[Material to process — start]
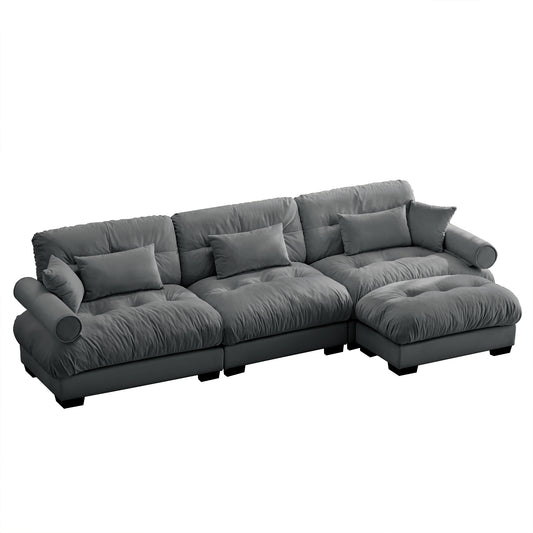 Modular Velvet Sectional Sofa with Movable Ottoman, Corner Set, Deep Cushions, Living Room Grey
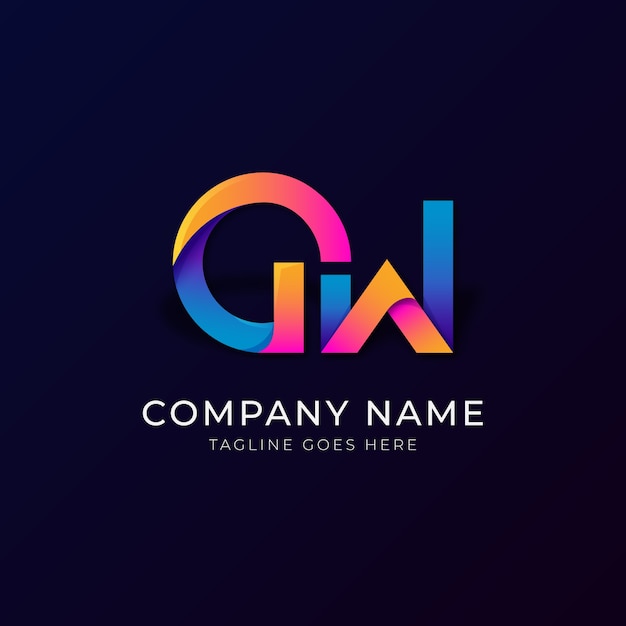 Free vector gw logo design template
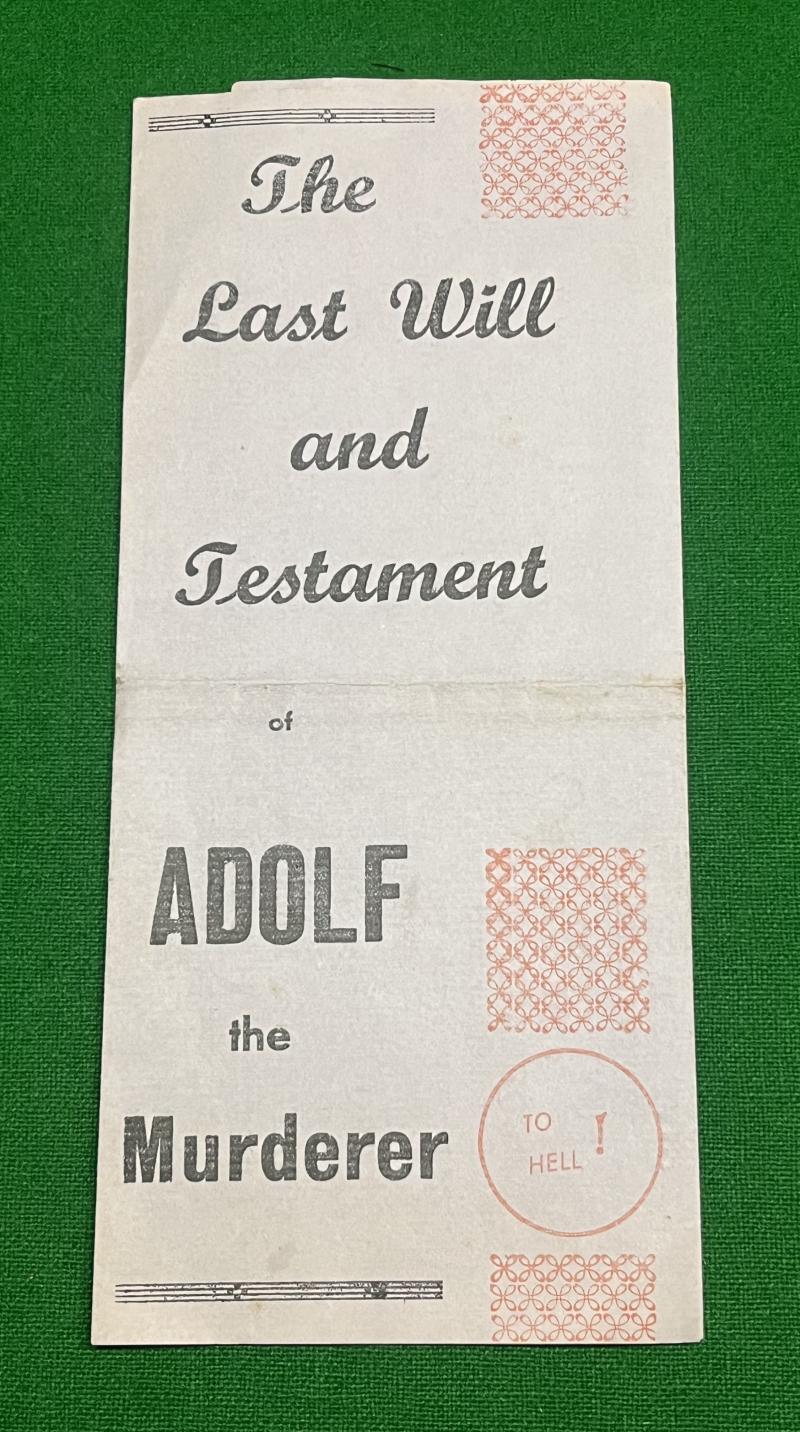 The Last Will & Testament of Adolf Hitler.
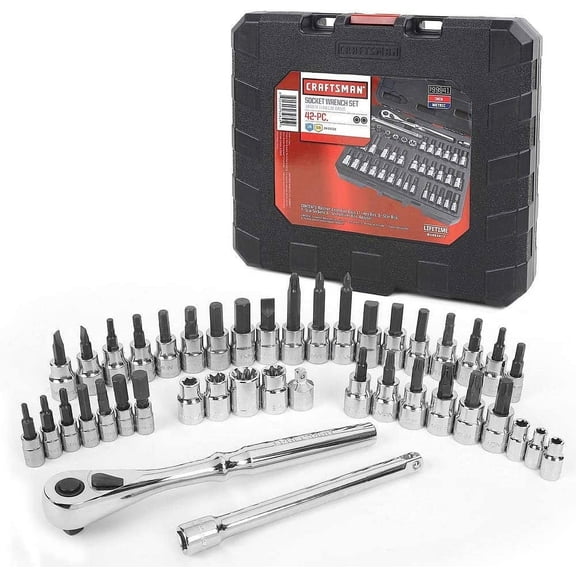 CRAFTSMAN 42 pc. Hex and Torx Bit Socket Super Set, 1/4 in. and 3/8 in. Drives, Alloy Steel, Polished Finish, Black Oxide Bits, with Ratchet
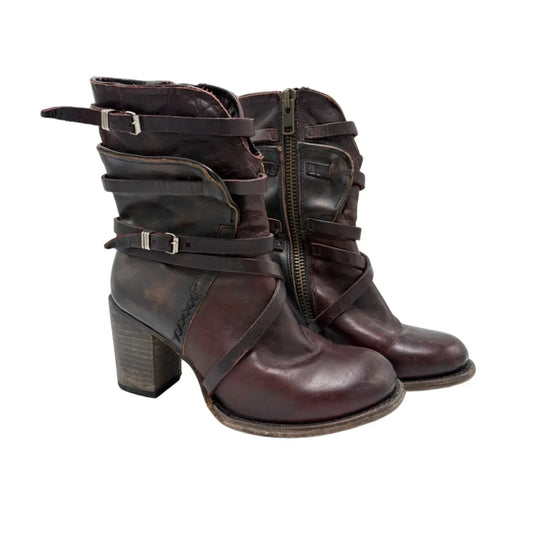 Shoes Heels Block By Freebird In Maroon, Size: 9
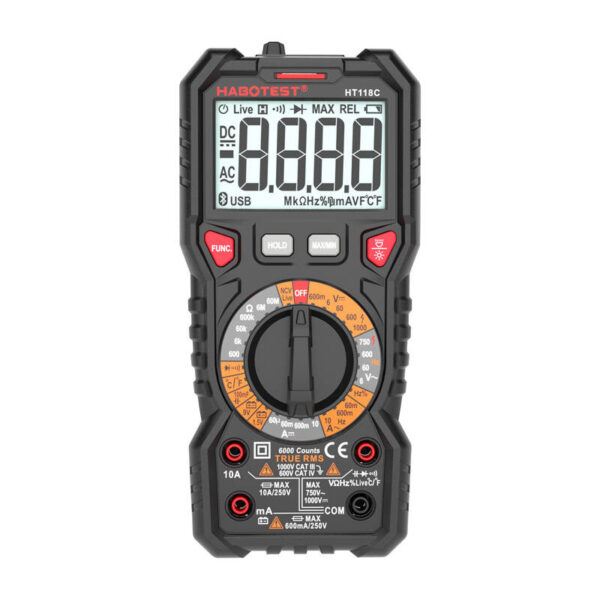 19941_1 Digitaalne multimeeter koos taskulambiga Habotest HT118C, tõeline RMS, NCV, aku testimine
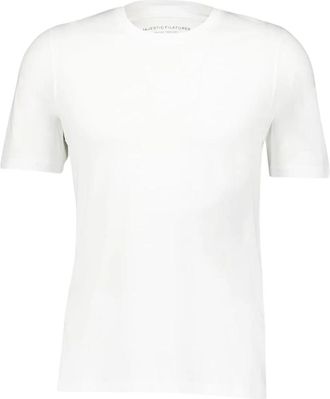 Majestic Filatures Wit Lyocell Katoen T-Shirt - Heren - T-shirts - Wit - M - Katoen - Tops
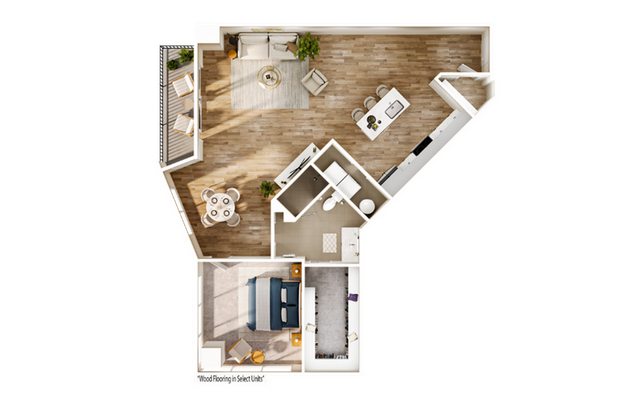 Modern 1-bedroom apartment floor plan with open-plan living area, sleek kitchen, and cozy balcony.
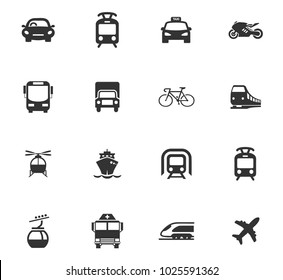 Public Transport Icons Set For Web Design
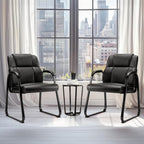 DUMOS Leather Guest Chairs Set of 2,Waiting Room Chair with Sled Base Padded Arm Rest for Meeting Conference Office Home
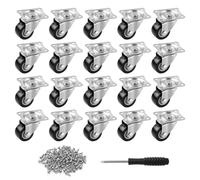 20 Ruedas para Muebles Ø25mm | Ruedas Pivotes en PU para Carros y Electrodomésticos, Carga 12,5kg + Kit Montaje
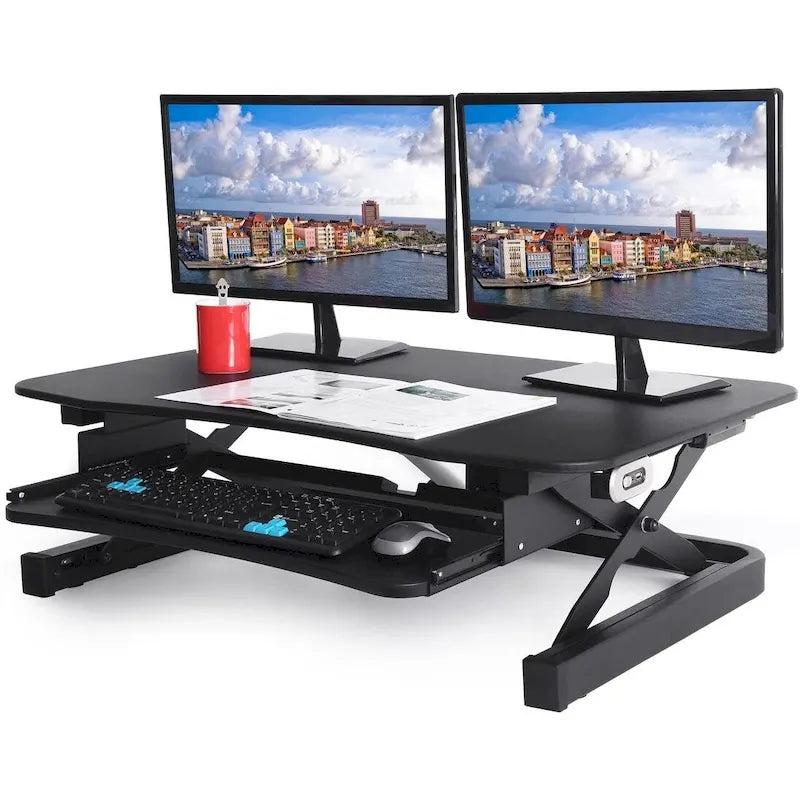 Electric Height Adjustable Sit to Stand Desk Riser with Dual Monitor Support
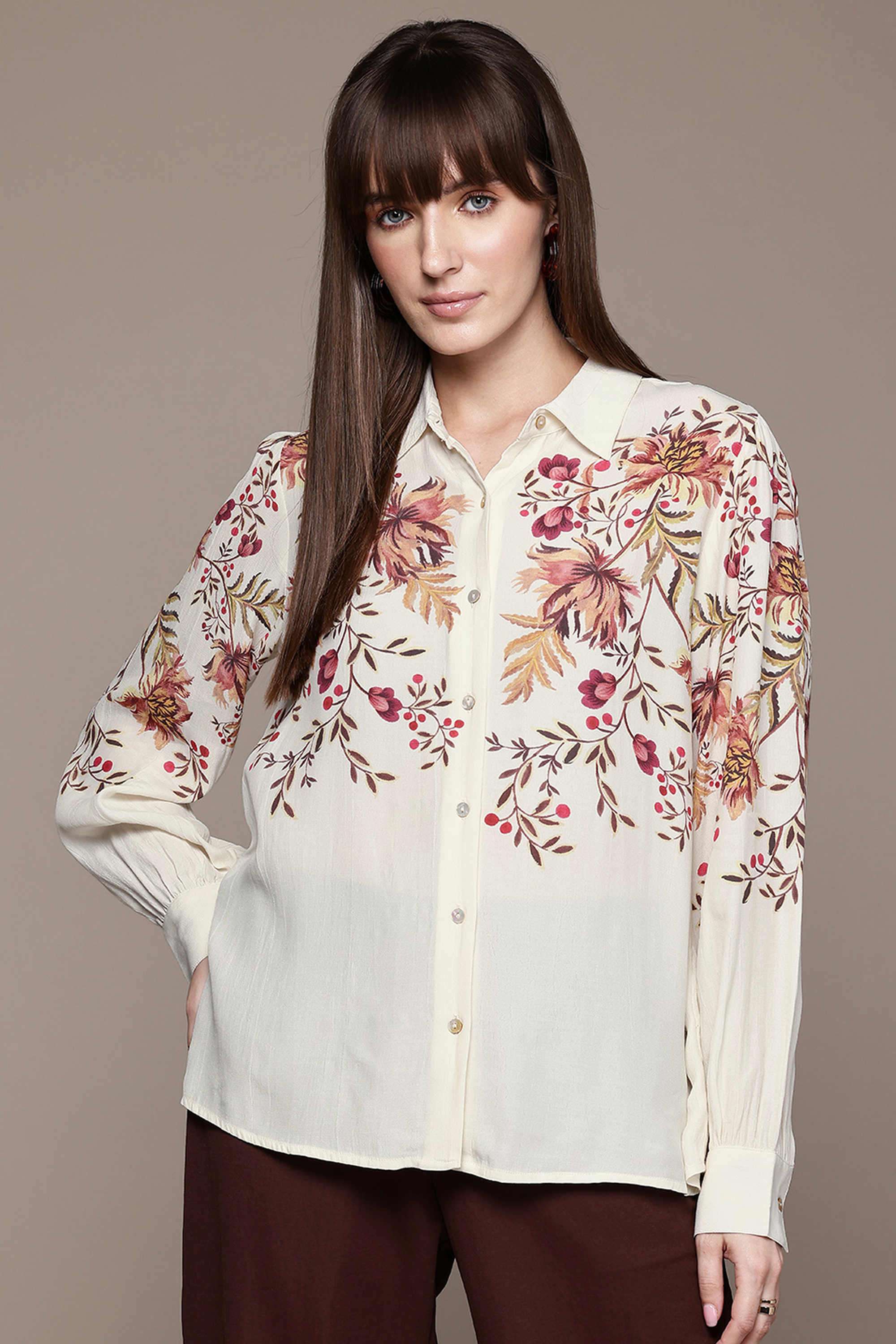 label ritu kumar Floral Blended Fabric Relaxed Fit Women's Shirt-picture-25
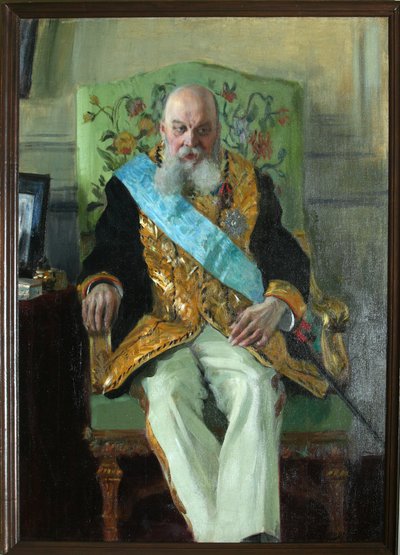 Portret van Graaf Dmitri Martynovich Solski 1833-1910, 1908 door Boris Mikhailovich Kustodiev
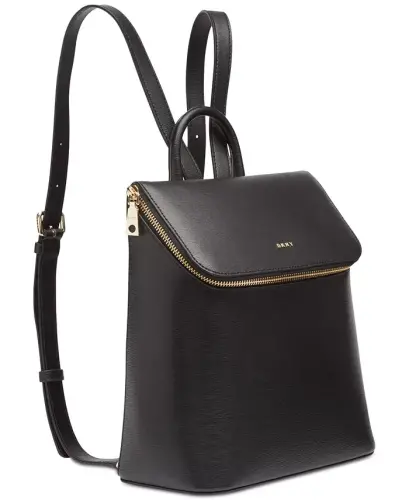 Bryant Top Zip Backpack-Black, Gold Tone - 7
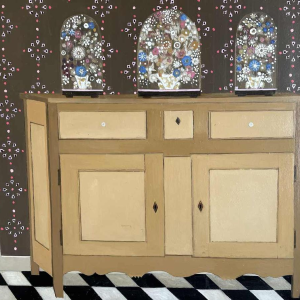 Ghislaine CAMBRON (1923- ) L'armoire bois blanc L'armoire de bois blanc 1972 oil on panel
[Material to process — finish]
# [Assignment]
The reply should hold every line of the records unchanged and no pictures.

# [Expected answer]
 Modular Velvet Sectional Sofa with Movable Ottoman, Corner Set, Deep Cushions, Living Room Grey
 Free vector gw logo design template
 The Last Will & Testament of Adolf Hitler.
 CRAFTSMAN 42 pc. Hex and Torx Bit Socket Super Set, 1/4 in. and 3/8 in. Drives, Alloy Steel, Polished Finish, Black Oxide Bits, with Ratchet
 Shoes Heels Block By Freebird In Maroon, Size: 9
 19941_1 Digitaalne multimeeter koos taskulambiga Habotest HT118C, tõeline RMS, NCV, aku testimine
 Majestic Filatures Wit Lyocell Katoen T-Shirt - Heren - T-shirts - Wit - M - Katoen - Tops
 Modern 1-bedroom apartment floor plan with open-plan living area, sleek kitchen, and cozy balcony.
 Public Transport Icons Set For Web Design
 DUMOS Leather Guest Chairs Set of 2,Waiting Room Chair with Sled Base Padded Arm Rest for Meeting Conference Office Home
 20 Ruedas para Muebles Ø25mm | Ruedas Pivotes en PU para Carros y Electrodomésticos, Carga 12,5kg + Kit Montaje
 Electric Height Adjustable Sit to Stand Desk Riser with Dual Monitor Support
 label ritu kumar Floral Blended Fabric Relaxed Fit Women's Shirt-picture-25
 Portret van Graaf Dmitri Martynovich Solski 1833-1910, 1908 door Boris Mikhailovich Kustodiev
 Bryant Top Zip Backpack-Black, Gold Tone - 7
 Ghislaine CAMBRON (1923- ) L'armoire bois blanc L'armoire de bois blanc 1972 oil on panel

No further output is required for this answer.